Seasonal variation in sun exposure in Thailand is minimal for a combination of reasons. One key factor is that virtually all Thai people actively avoid direct bright sunlight. The level of avoidance increases with the intensity of the sunlight. In the rainy season, the temperature is lower and the cloud cover is greater, so avoidance is reduced. In the cool season, the cloud cover is reduced, but since the cool season in Thailand occurs when the sun is south of the equator, the intensity of sunlight is also lower. In the rainy season, regular cloud cover reduces the intensity of the sunlight. Taken together, these factors result in relatively consistent year-round sun exposure. Groups who are potentially subject to greater sun exposure, such as farmers, construction workers, and others whose employment requires them to be outdoors, regularly take measures to reduce the temperature and, concurrently, to minimize their exposure to direct sunlight. For example, they wear wide-brim hats with an attached scarf that protects the face and neck, as well as long-sleeved shirts. Therefore, this study was conducted over a period of 6 months rather than 12 months due to the strong predilection of the Thai population to actively avoid direct sunlight (especially in the hot season) by staying in the shade and by wearing hats and other protective clothing; this would tend to minimize any potential seasonal bias.

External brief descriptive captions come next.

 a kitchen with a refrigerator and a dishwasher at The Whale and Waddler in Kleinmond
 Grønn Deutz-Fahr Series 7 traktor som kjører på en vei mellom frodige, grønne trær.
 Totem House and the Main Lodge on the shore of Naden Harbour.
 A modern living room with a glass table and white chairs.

As a result of the potential benefits of vitamin D for patients with osteoporosis [13, 14], the authors deemed it unethical to withhold vitamin D supplementation from patients with osteoporosis who participated in this study. Consequently, this study was designed without a control arm of patients with osteoporosis and no vitamin D supplementation.

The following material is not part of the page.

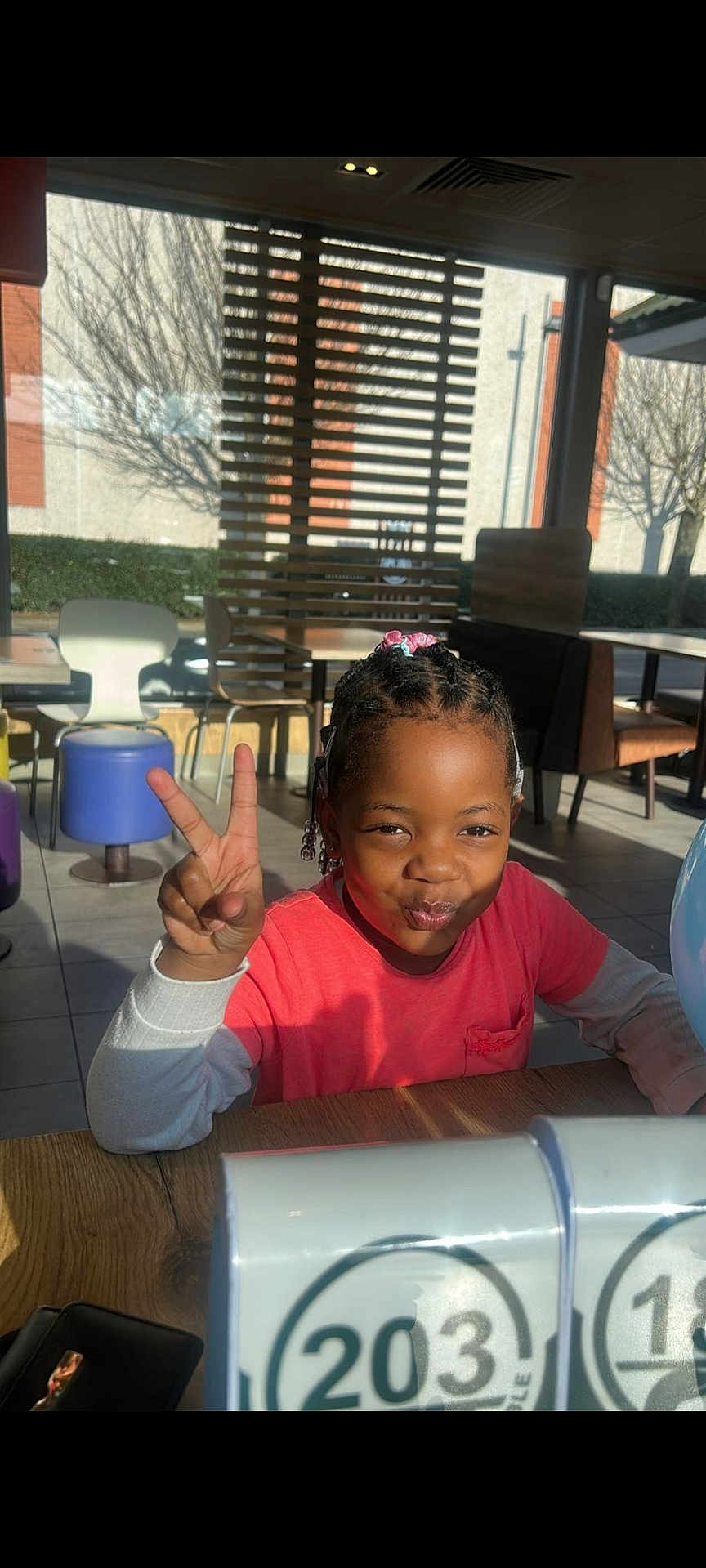 Juliana-Naomie participe au concours pour gagner de l'argent avec cette photo : child, peace_sign, indoor, table, sunlight, shadows, dining_area, chair, stool, pout, smile, hair_beads, window, blinds, casual, daylight, person, pink_shirt, long_sleeves, playful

The aim of this study was to investigate the effect of alendronate sodium 70 mg/vitamin D3 5600 IU combination tablets for 6 months on 25(OH)D levels in Thai patients with osteoporosis living in Thailand.


Study design

This study was a multicenter, open-label trial of alendronate sodium 70 mg/vitamin D3 5600 IU (Fosamax Plus™ 70/5600, Merck Sharp & Dohme Corp.) in men and postmenopausal women with osteoporosis (NCT01437111).

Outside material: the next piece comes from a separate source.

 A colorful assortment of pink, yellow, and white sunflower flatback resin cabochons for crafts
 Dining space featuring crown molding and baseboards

This study was approved by the ethics committee for each of the study sites and was performed in accordance with the ethical standards as laid down in the 1964 Declaration of Helsinki and its later amendments. Patients were recruited from four study sites in Thailand; the planned sample size was 200. Key inclusion criteria were: male aged > 50 years or female who was postmenopausal or had been menopausal for at least 1 year, who met any one of the following BMD criteria: (1) candidate for osteoporosis therapy and BMD T-score ≤ − 2.5 at either the lumbar spine or the total hip or any hip subregion (femoral neck or trochanter); OR (2) candidate for osteoporosis therapy and prior non-pathological fragility fracture (of hip, spine, wrist, humerus, or clavicle) and BMD T-score ≤ − 1.5 at either the lumbar spine or the total hip or any hip subregion (femoral neck or trochanter); OR (3) currently undergoing osteoporosis therapy but meeting one of the two preceding criteria prior to starting osteoporosis therapy plus agreement to discontinue any osteoporosis treatment for the duration of the study (may continue daily multivitamins containing ≤ 400 IU vitamin D). Patients were excluded if they had any unexplained abnormal findings on physical examination or clinical laboratory safety screening tests at baseline.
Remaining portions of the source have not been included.